--- THE DATA Enclosed Below ---

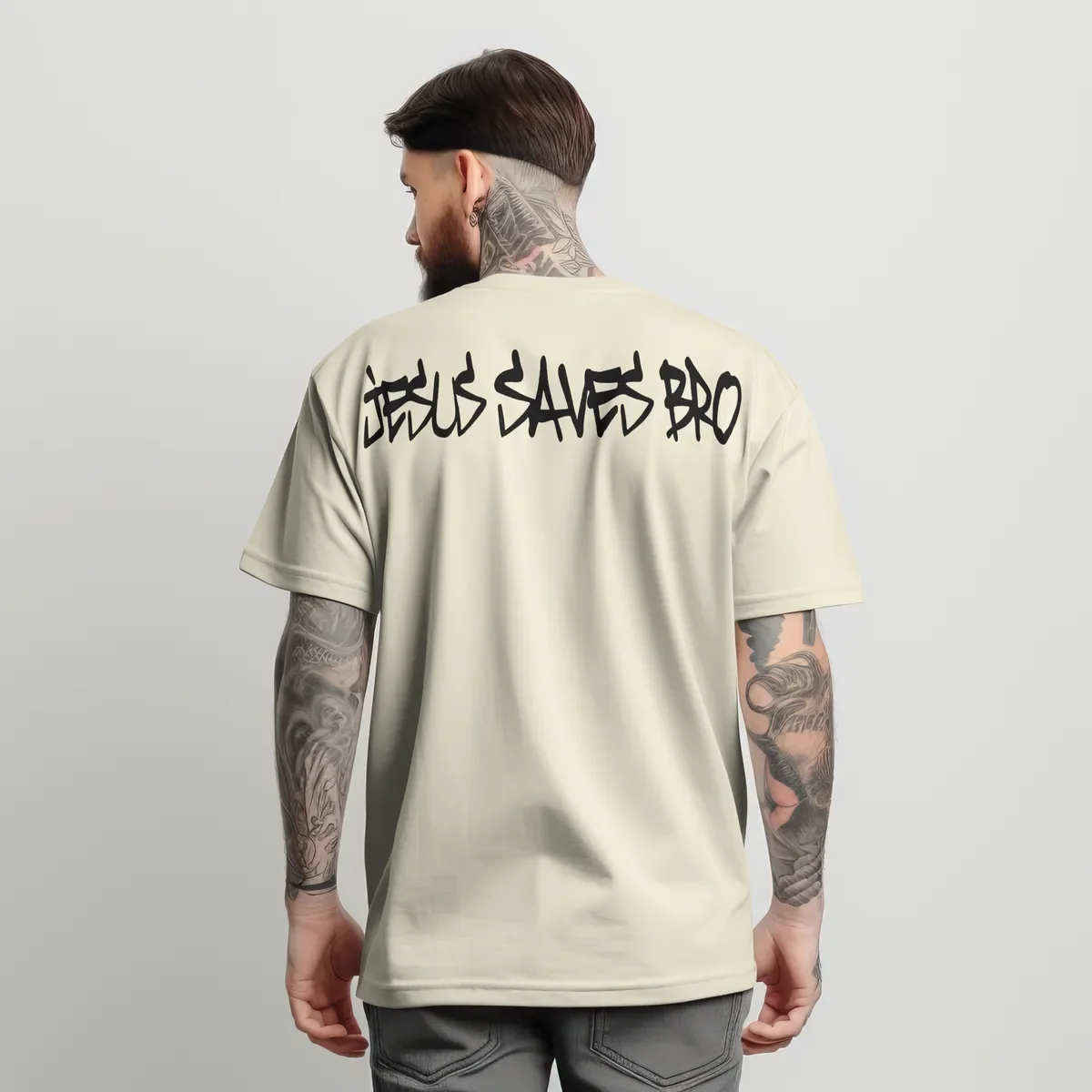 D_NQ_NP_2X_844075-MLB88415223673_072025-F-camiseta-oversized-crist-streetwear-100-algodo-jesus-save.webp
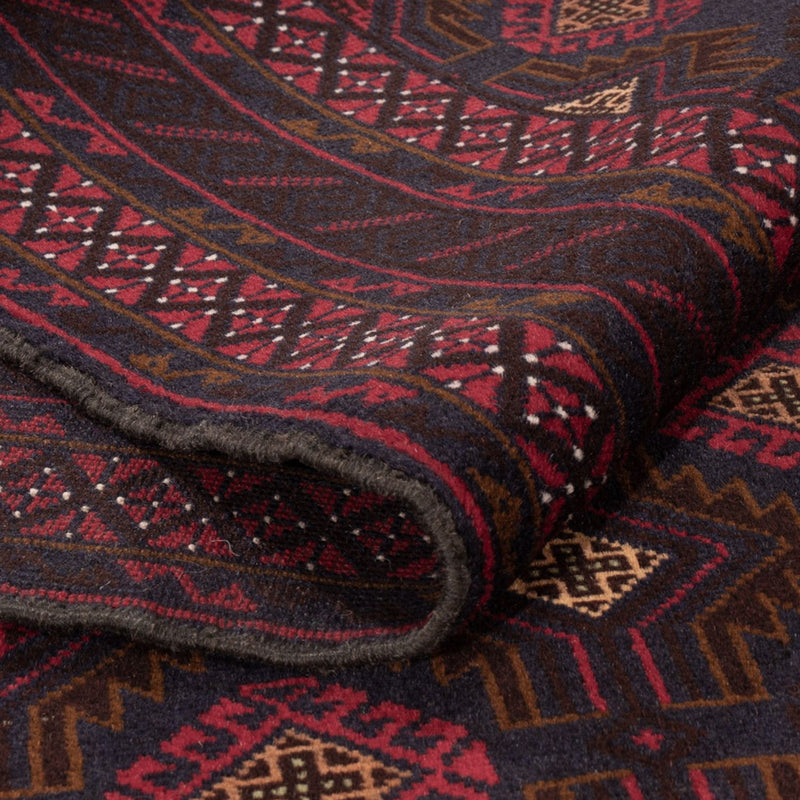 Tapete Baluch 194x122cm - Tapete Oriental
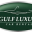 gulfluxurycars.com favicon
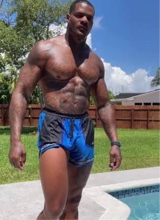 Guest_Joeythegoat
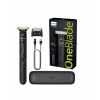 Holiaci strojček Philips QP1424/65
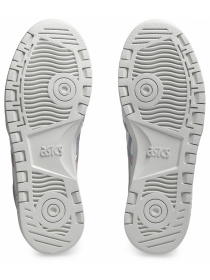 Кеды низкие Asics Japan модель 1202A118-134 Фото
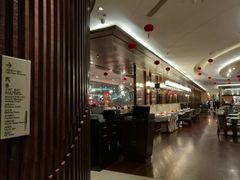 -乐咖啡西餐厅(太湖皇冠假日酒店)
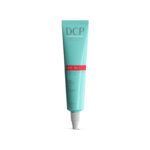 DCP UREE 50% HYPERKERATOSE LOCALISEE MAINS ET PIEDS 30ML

--- End of Enclosed THE DATA ---
--- THE DATA Enclosed Below ---

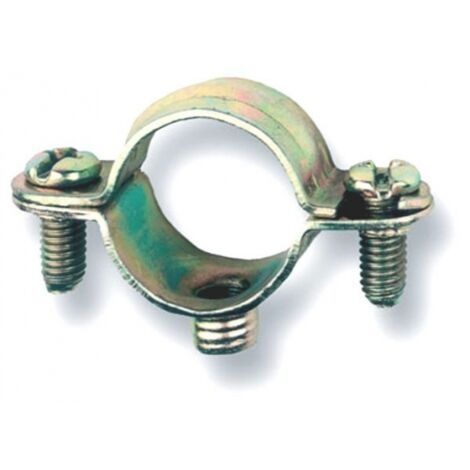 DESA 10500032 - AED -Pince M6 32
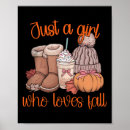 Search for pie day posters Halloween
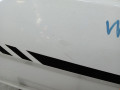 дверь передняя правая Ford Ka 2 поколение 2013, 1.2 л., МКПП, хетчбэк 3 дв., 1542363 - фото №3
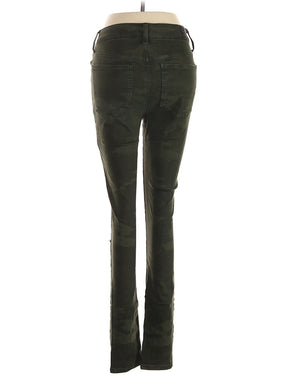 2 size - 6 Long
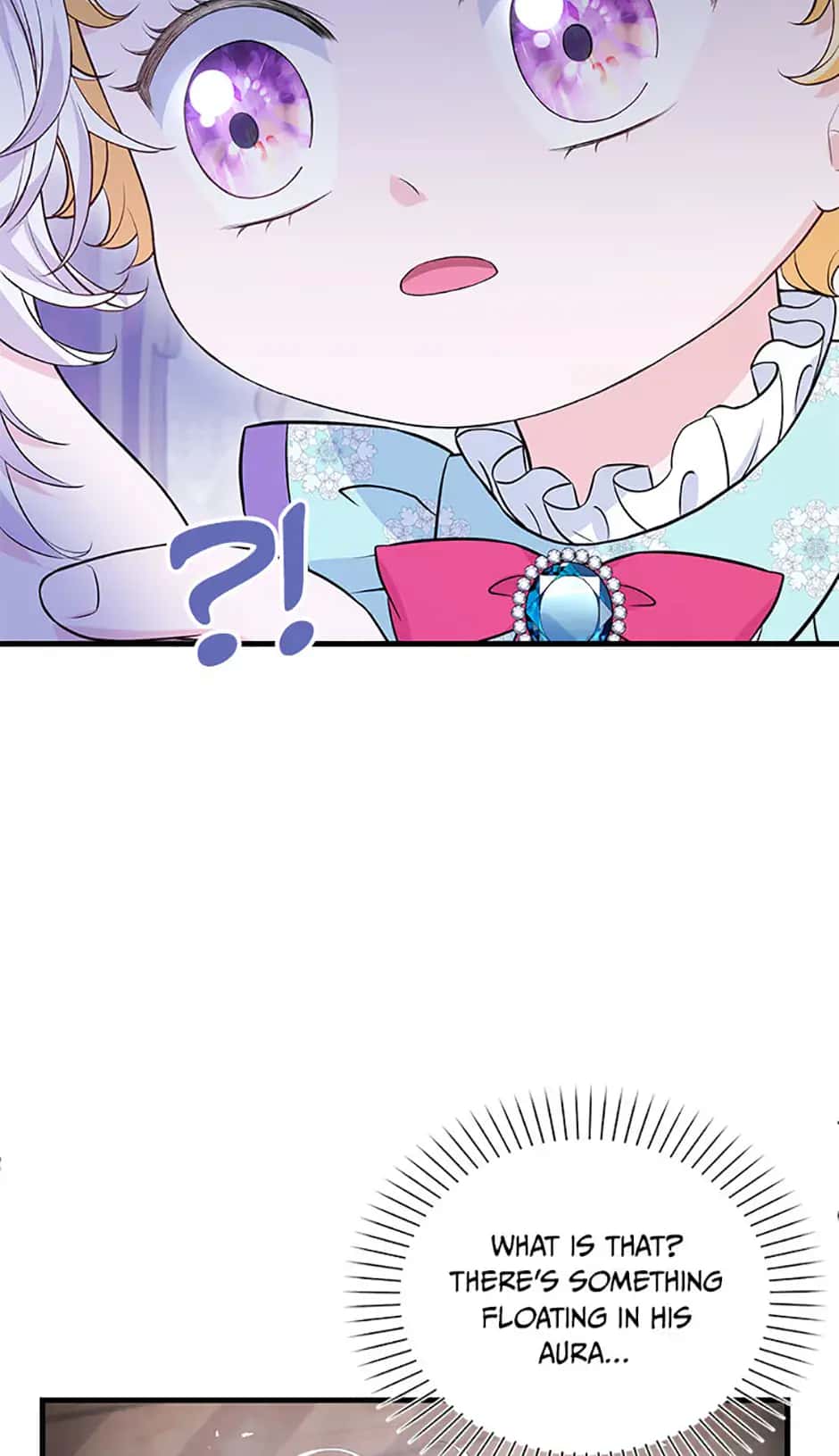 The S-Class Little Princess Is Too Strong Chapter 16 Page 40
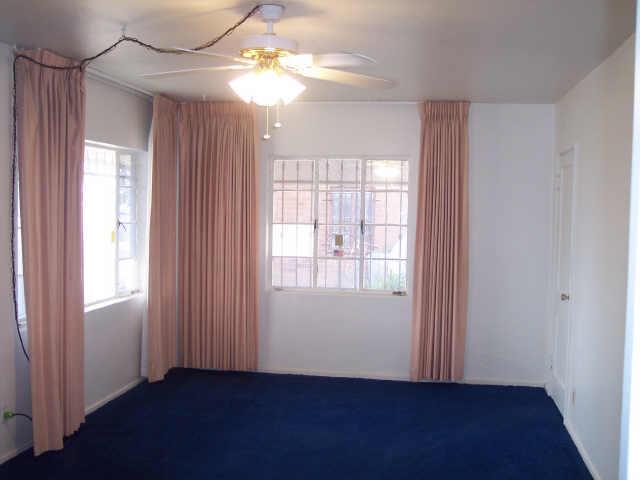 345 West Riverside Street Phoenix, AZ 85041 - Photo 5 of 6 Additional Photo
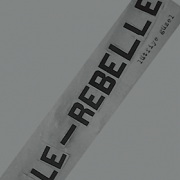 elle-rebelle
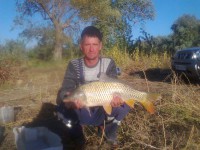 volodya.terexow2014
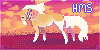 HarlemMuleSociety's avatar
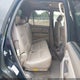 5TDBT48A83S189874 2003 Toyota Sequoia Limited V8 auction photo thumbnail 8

--- End of Enclosed THE DATA ---

- **WHAT IS EXPECTED**:
Would you please repeat only the lines above, beginning at the one that has "The S-Class Little" and stopping after the one that has "5TDBT48A83S189874 2003 Toyota", exactly and with no pictures?

- **RESULT OF THE TASK**:
 The S-Class Little Princess Is Too Strong Chapter 16 Page 40
 345 West Riverside Street Phoenix, AZ 85041 - Photo 5 of 6 Additional Photo
 elle-rebelle
 volodya.terexow2014
 HarlemMuleSociety's avatar
 5TDBT48A83S189874 2003 Toyota Sequoia Limited V8 auction photo thumbnail 8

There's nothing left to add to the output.